The local food concept is growing, whether it’s Churchill Downs buying local, the Kentucky Department of Agriculture supporting farm to school programs, or the Kentucky Association of Food Banks purchasing “seconds” from local farmers to feed hungry Kentuckians. Farmers Markets and knowing who’s growing your food is popular. 

According to last year’s Local Foods Marketing Practices Survey conducted by the National Agricultural Statistics Service, more than 3,200 Kentucky farms reported direct farm sales of food, including value-added products. This added up to more than $65 million, with the Commonwealth coming in 19th in the U.S. in the number of farms selling locally and 26th in total sales of local foods. 

There’s plenty of room for Kentucky to grow in the local foods market. 

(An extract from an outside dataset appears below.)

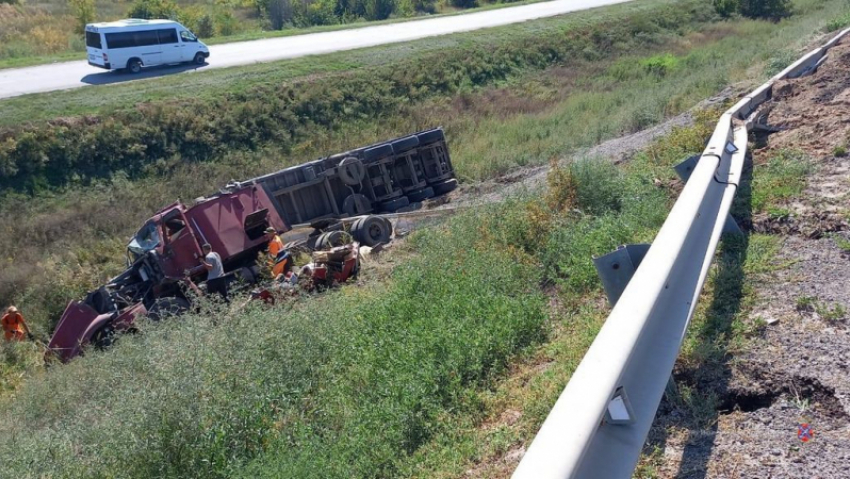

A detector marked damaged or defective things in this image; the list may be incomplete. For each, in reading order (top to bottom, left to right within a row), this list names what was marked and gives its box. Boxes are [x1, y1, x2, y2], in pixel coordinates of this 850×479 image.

overturned red truck [47, 129, 454, 362]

“The data show us there is a tremendous growth potential for Kentucky farmers to raise and sell directly to the consumer market,” said David Knopf, director for NASS’s Eastern Mountain Regional Field Office in Kentucky. “Only about four percent of the farms are directly marketing their products. With commodity prices at levels which make it challenging for farmers to receive profitable returns, direct sales may be one way for growers to capture more of the food dollar.” 

Farmers and producers like Tom Wantye will have the opportunity to show if more farms are selling local foods later this year when NASS sends out the Census of Agriculture. The Census is conducted every five years, and surveys every farm in the country. In addition to being the only source of uniform, comprehensive agricultural data for every county in the United States, the Census will also measure local food market practices during the 2017 growing year. 

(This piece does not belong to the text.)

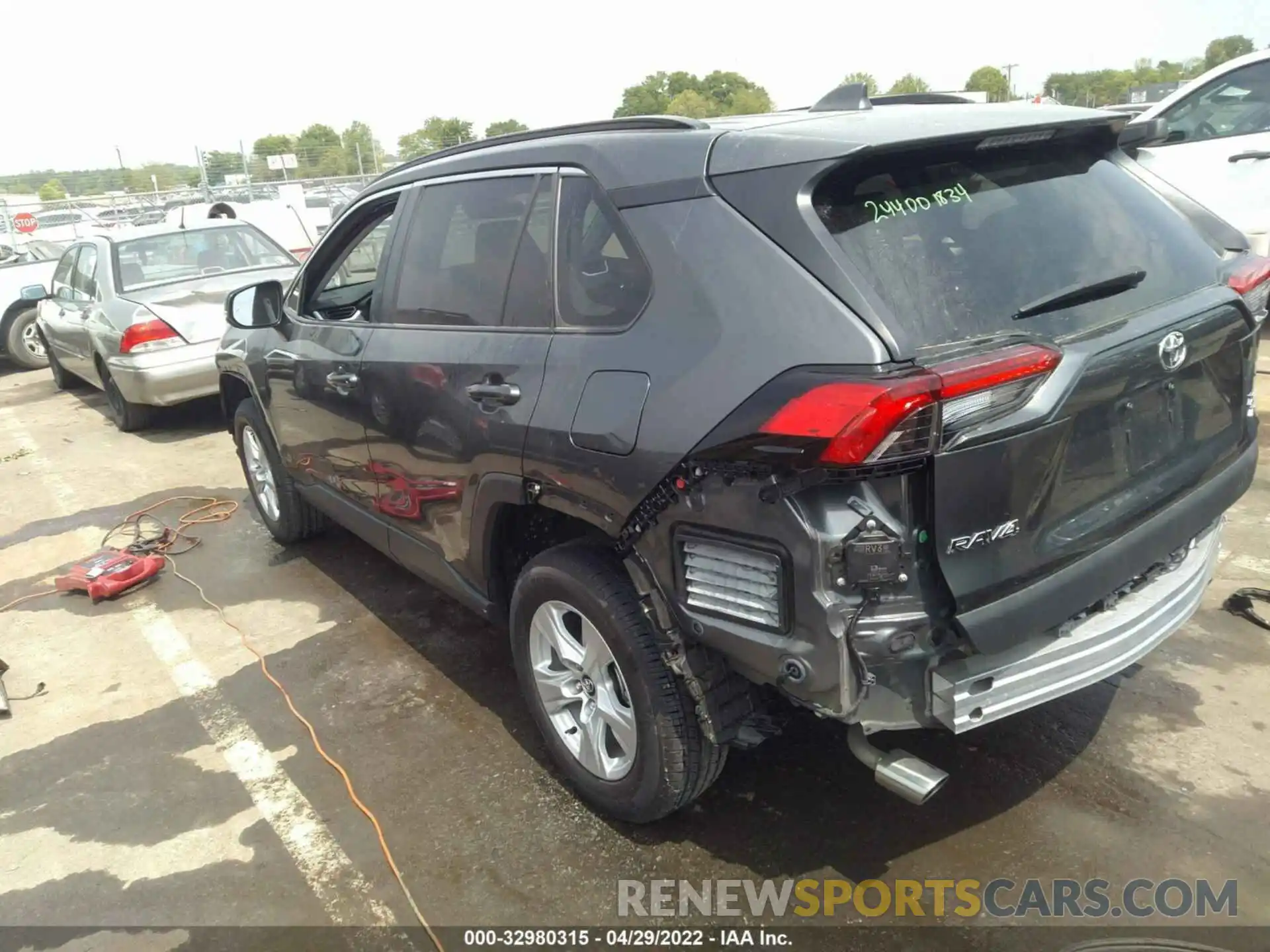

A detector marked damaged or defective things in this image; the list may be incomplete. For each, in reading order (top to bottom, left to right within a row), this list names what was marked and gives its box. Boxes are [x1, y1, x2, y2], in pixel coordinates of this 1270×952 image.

broken taillight housing [1229, 255, 1270, 322]
broken taillight housing [706, 348, 1062, 469]
damaged rear end of suv [614, 97, 1259, 812]
exposed bumper reinforcement bar [935, 518, 1219, 736]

 The Census, too, will show if the Commonwealth remains number one in the U.S. in horses. Kentuckians already know they’re tops in horses (Kentucky Derby is the best!), but it’s good to have the NASS statistics to back up the brag. 

Local Foods Numbers in Kentucky

Direct Farm Sales* 

  • Total farms, excluding value-added products: 1,651 
  • Total sales, excluding value-added products: $20,451,622 
  • Total farms, only value-added products: 1,926 
  • Total sales, only value-added products: $44,978,853 

Direct to Consumer Sales** 

  • Total farms, including value-added products: 2,574 
  • Total sales, including value-added products: $35,035,819 

Horse Numbers in Kentucky

  • #1 in numbers of horses and ponies (2012 Census of Agriculture) 
  • Total farms with horses and ponies: 19,012 
  • Total numbers of horses and ponies: 141,842 
  • Sales of horses and ponies in 2012: $178,341,000 

For more information about NASS statistics and data or the Census of Agriculture, visit 

*Direct farm sales of food (crops and livestock raised on Kentucky farms) includes farms selling to:

  • Institutions and intermediary businesses (schools, colleges, universities, hospitals, wholesalers, processors, distributors) 
  • Retailers (grocery stores, restaurants, caterers, food cooperatives) 
  • Direct to consumers 

**Direct to consumer sales, a subset of direct farm sales, include: 

  • Farmers markets, onsite farm stores, roadside stands, Community Supported Agriculture arrangements, online sales, pick-your-own operations, and mobile markets.